In this time window, article expectedness was the only reliable predictor of ERP mean amplitudes (b = 0.43, t = 2.46, p = 0.014), whereby ERP amplitudes were more negative upon hearing an unexpected article compared to an expected one, regardless of the accent (i.e., native vs. non-native) with which the speech was produced (Figure 2).

Lexical Recall Task

Results for this task are presented in terms of proportions of words reported as “heard” by the participants resulting in aggregated values between 0 and 1. However, as explained in the “Hypothesis Testing” section above, statistical analyses were performed using logistic regression with the aim to predict a binary label (0 or 1) for each item. The analysis was performed on the unheard expected and unexpected items as well as the heard items from the control sentences. In this task, expectedness reliably predicted whether or not a participant would report a word as heard. In the case where words were actually unheard, participants reported hearing words they had expected significantly more often than words they had not expected (b = 1.12, z = 7.5, p < 0.00001) and, unsurprisingly, participants reported hearing significantly more words that they had actually heard (albeit not strongly expected) compared to words they had not expected (b = 1.1, z = 7.4, p < 0.00001). Importantly, words which were actually heard were recalled just as often as unheard expected words as indicated by the absence of a difference between control and expected sentences (Figure 3).

FIGURE 3

Figure 3. Bar plot showing the proportion of items reported as heard in the sentence listening task. In green are heard words from the control sentences, in blue are unheard but expected words from the experimental sentences, and in red are unheard and unexpected words from the experimental sentences. Error bars depict standard errors of the mean. The red horizontal bar depicts the 50% chance level. *Indicates statistically significant differences (p < 0.05).

Discussion

It is hard to deny that our brain predicts upcoming information. Indeed, prediction and anticipation have been demonstrated in a number of domains ranging across a wide array of cognitive functions such as visual perception, attention and consciousness (Kok et al., 2014; Summerfield and de Lange, 2014) as well as auditory perception (Groppe et al., 2010). Linguistic information has been shown to bias systems as early and as basic as vision (Boutonnet et al., 2013; Lupyan and Ward, 2013; Boutonnet and Lupyan, 2015; Samaha et al., 2016), as well as processes at the interface of these systems (Francken et al., 2014, 2015), and finally, the language system itself (DeLong et al., 2005; Van Berkum et al., 2005; Martin et al., 2013; Van Berkum, 2013; Foucart et al., 2014, 2015).

A key driver of brain predictions is likely to be contextual information.

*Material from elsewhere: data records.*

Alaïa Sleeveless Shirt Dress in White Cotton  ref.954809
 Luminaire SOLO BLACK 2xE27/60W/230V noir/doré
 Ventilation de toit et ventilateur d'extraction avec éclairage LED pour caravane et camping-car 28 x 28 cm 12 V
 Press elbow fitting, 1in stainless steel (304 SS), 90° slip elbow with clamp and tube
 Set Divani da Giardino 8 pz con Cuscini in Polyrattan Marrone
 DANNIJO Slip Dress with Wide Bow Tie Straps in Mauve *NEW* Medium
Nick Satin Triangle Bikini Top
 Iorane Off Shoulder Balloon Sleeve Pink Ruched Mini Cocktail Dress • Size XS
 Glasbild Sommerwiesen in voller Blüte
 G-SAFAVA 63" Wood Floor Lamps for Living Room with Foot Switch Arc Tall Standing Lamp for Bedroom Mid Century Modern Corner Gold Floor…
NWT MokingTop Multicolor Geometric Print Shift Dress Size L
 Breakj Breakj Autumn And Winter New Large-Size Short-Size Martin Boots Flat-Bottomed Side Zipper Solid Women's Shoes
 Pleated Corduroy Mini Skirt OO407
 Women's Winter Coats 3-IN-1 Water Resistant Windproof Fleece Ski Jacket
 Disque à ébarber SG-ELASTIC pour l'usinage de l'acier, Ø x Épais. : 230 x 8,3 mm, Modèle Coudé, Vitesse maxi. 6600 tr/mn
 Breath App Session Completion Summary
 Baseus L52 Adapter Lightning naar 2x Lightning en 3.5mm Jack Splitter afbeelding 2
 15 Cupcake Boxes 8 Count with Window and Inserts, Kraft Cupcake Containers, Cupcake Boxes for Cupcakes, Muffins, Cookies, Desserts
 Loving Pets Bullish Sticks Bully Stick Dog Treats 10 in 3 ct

Context influences the content of such predictions (Bar, 2004) as well as their effects on brain activity itself (up-/down-regulation) as is often the case in attention/prediction trade-offs (Kok et al., 2012a, b). While the content of linguistic predictions is known to be influenced by the linguistic context (see “Introduction” section for arguments), we have yet to know whether a given, more general, context can affect how the brain predicts. That is, whether it always predicts or whether its predictions always have the same weight on upcoming information. One of the most common communicative contexts in which people interact nowadays involves people who are communicating in a non-native language. Undeniably, the speech of a non-native speaker is likely to be less accurate in terms of syntax, word choice (e.g., “the chocolate pie” vs. “the brownie” effect; Lev-Ari, 2015), phonological and acoustic realization and so on. If the anticipation mechanism of the brain is set off so that it does not have to fully process upcoming stimuli and it only dedicates the full and costly extent of its processing pipeline when predictions do not match the signal, it is likely that a non-native speaker’s production, which matches canonical predictions less, will affect how our brain predicts.

As reviewed earlier, work by Lev-Ari (2015) demonstrated that participants listening to non-native speech were more likely to rely on contextual information, suggesting that listeners may predict more in such a condition. Conversely, in a study on word integration, Romero-Rivas et al. (2016) showed that integrating the best completion of a sentence (i.e., the most likely lexical candidate given a sentence context) leads to identical brain activity in both native and non-native accent conditions. However, the depth of semantic activation seemed shallower when participants listened to sentences uttered in a foreign accent. While this result cannot speak directly to the issue of anticipation per se, it certainly suggests differences in the processing of native versus non-native speech.

To tease apart these preliminary hypotheses, as well as to gain further insights in the anticipatory processes in a manner that is more ecologically valid and at the same time overcoming limitations from between-subject designs, we tested word anticipation in a within-subject design while recording participants’ brain activity using EEG. We expected both early (PMN) and late (N400) ERP components to be modulated by expectedness such that an unexpected article would lead to increased negativities in both time windows (Foucart et al., 2015). We further hypothesized that the expectedness effect should be modulated by the accent with which the sentence was uttered, but we had no strong expectation with regards to its direction due to the mixed results available to date (Lev-Ari, 2015; Romero-Rivas et al., 2015, 2016).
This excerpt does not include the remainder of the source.